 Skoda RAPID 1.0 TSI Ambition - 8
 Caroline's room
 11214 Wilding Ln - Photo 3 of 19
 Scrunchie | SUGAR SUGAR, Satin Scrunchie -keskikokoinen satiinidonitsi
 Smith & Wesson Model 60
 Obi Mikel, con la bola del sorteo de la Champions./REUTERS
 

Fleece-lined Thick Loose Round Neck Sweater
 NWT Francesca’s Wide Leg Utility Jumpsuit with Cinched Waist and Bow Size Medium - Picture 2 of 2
--
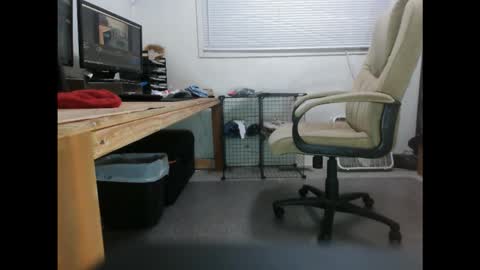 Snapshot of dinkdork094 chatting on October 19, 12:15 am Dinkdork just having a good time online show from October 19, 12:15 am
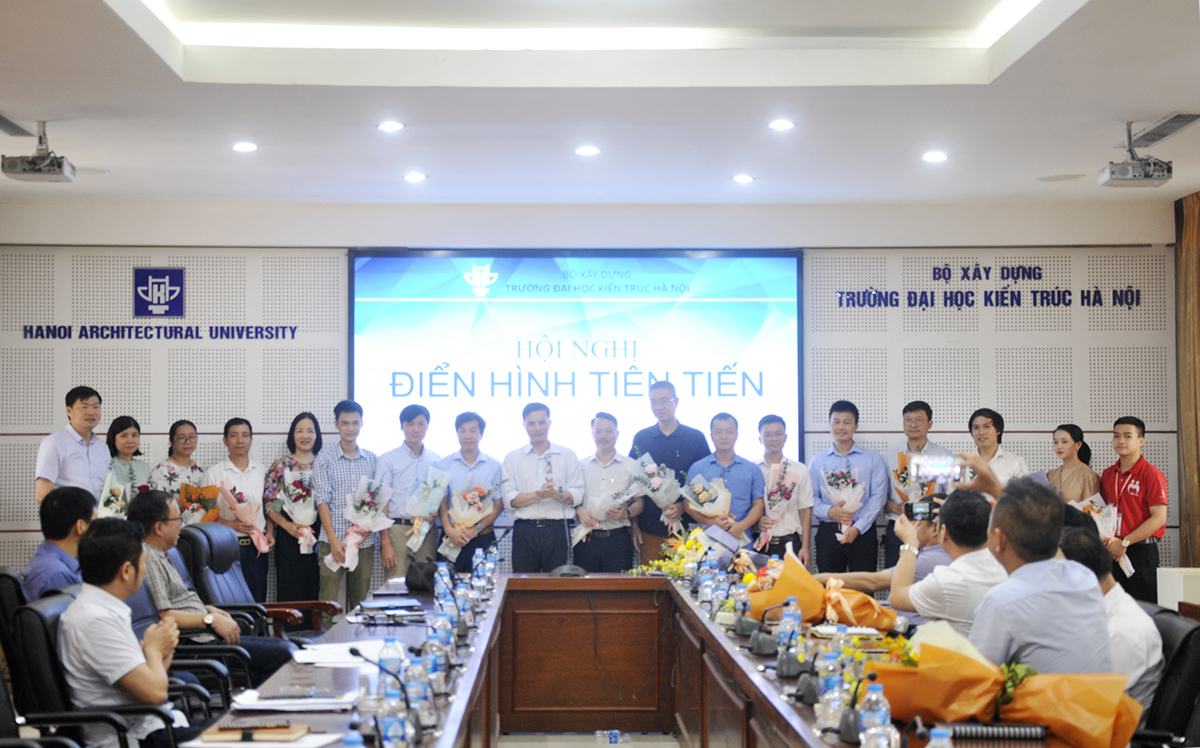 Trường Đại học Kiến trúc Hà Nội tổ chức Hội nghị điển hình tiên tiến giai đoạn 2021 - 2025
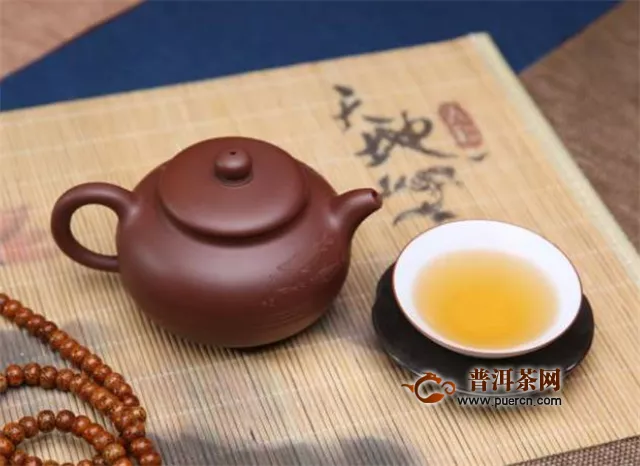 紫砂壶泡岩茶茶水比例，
==
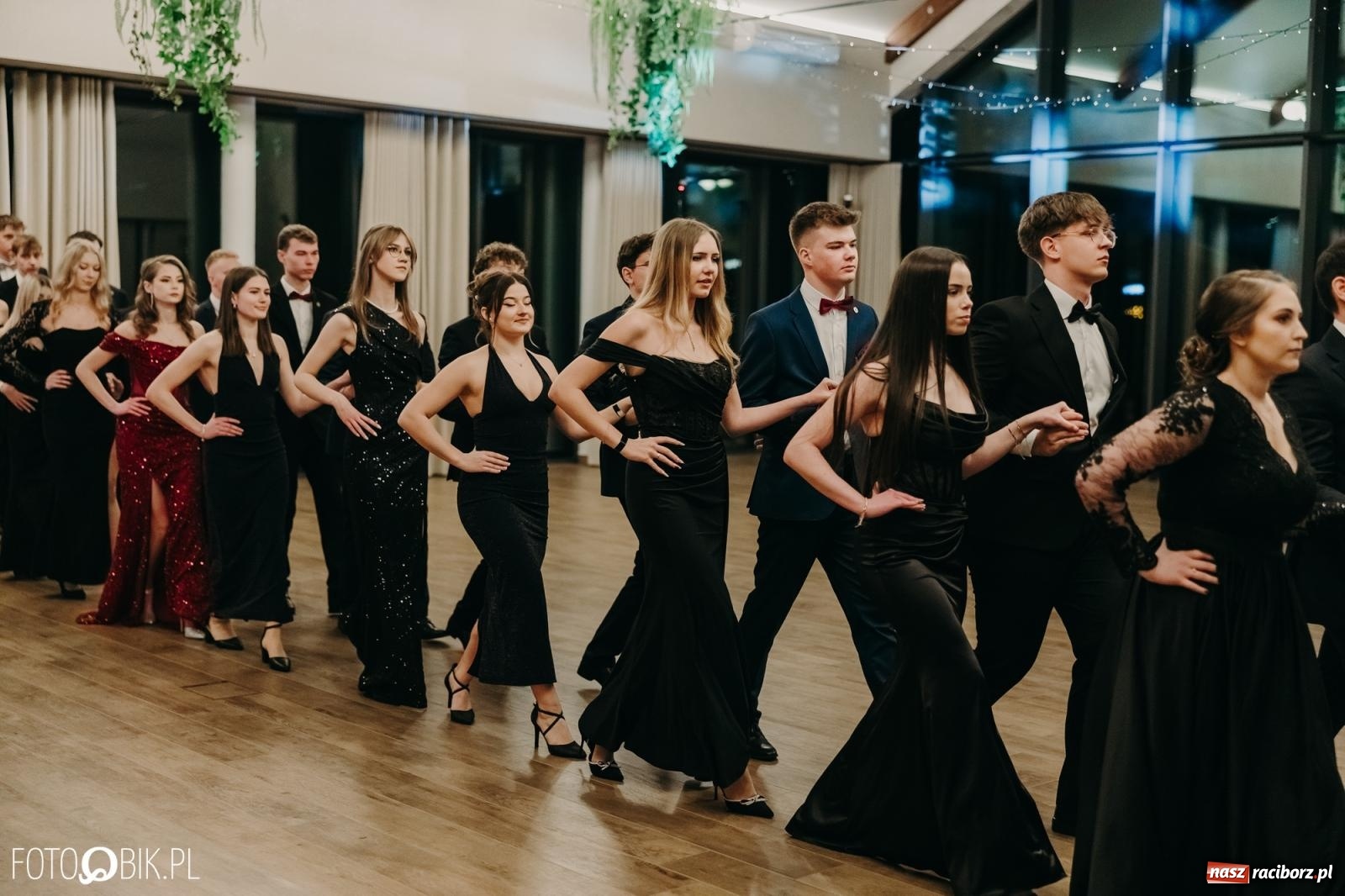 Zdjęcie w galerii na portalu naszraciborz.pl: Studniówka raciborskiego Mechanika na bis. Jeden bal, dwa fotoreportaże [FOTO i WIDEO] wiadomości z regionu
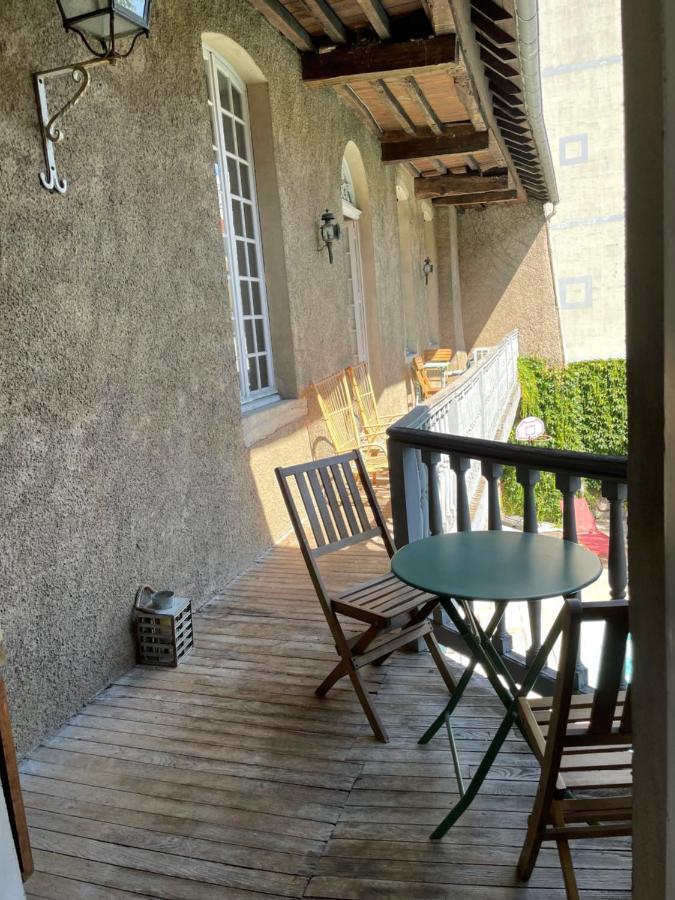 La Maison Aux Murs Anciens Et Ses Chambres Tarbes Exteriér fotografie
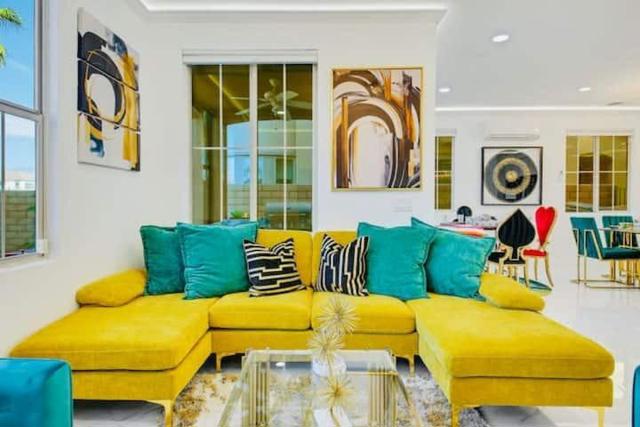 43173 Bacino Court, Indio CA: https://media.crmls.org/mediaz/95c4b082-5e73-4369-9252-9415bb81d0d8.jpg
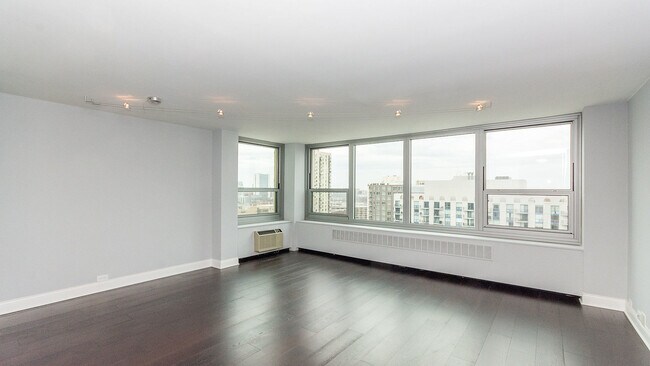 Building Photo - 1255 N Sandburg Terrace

◆ **Work task**:
Would you copy, unchanged, the stretch of the records above that begins at the line containing "Skoda RAPID 1.0 TSI Ambition - 8" and ends at the line containing "Fleece-lined Thick Loose Round Neck Sweater", and only that?

◆ **Answer box**:
 Skoda RAPID 1.0 TSI Ambition - 8
 Caroline's room
 11214 Wilding Ln - Photo 3 of 19
 Scrunchie | SUGAR SUGAR, Satin Scrunchie -keskikokoinen satiinidonitsi
 Smith & Wesson Model 60
 Obi Mikel, con la bola del sorteo de la Champions./REUTERS
 

Fleece-lined Thick Loose Round Neck Sweater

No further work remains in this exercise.